Hi,
On Mon, Aug 18, 2025 at 07:33:32AM +0000, Ye Weihua wrote:
> This warning was triggered during testing on v6.16:
>
> notifier callback ftrace_suspend_notifier_call already registered
> WARNING: CPU: 2 PID: 86 at kernel/notifier.c:23
> notifier_chain_register+0x44/0xb0
> ...
> Call Trace:
> <TASK>
> blocking_notifier_chain_register+0x34/0x60
> register_ftrace_graph+0x330/0x410
> ftrace_profile_write+0x1e9/0x340
> vfs_write+0xf8/0x420
> ? filp_flush+0x8a/0xa0
> ? filp_close+0x1f/0x30
> ? do_dup2+0xaf/0x160
> ksys_write+0x65/0xe0
> do_syscall_64+0xa4/0x260
> entry_SYSCALL_64_after_hwframe+0x77/0x7f
>
> When writing to the function_profile_enabled interface, the notifier was
> not unregistered after start_graph_tracing failed, causing a warning the
> next time function_profile_enabled was written.
>
> Fixed by adding unregister_pm_notifier in the exception path.
>
> Fixes: 4a2b8dda3f870 ("tracing/function-graph-tracer: fix a regression while
> suspend to disk")
> Signed-off-by: Ye Weihua <yeweih...@huawei.com>
> ---
> kernel/trace/fgraph.c | 1 +
> 1 file changed, 1 insertion(+)
>
> diff --git a/kernel/trace/fgraph.c b/kernel/trace/fgraph.c
> index c5b207992fb4..dac2d58f3949 100644
> --- a/kernel/trace/fgraph.c
> +++ b/kernel/trace/fgraph.c
> @@ -1391,10 +1391,11 @@ int register_ftrace_graph(struct fgraph_ops *gops)
> error:
> if (ret) {
> ftrace_graph_active--;
> gops->saved_func = NULL;
> fgraph_lru_release_index(i);
> + unregister_pm_notifier(&ftrace_suspend_notifier);
Is this really correct ? The pm notifier is only registered if
ftrace_graph_active==1, but not if it is larger than that.

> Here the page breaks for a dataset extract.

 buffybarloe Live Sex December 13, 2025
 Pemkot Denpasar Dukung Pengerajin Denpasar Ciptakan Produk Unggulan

The above code unregisters it unconditionally, even if
ftrace_graph_active > 1. I can see that the resulting double
unregistration in unregister_ftrace_graph() doesn't really
matter since the error return will be ignored, but is it really
irrelevant for the successful registered graphs no longer get the
benefit of the pm notifier callback ?
Guenter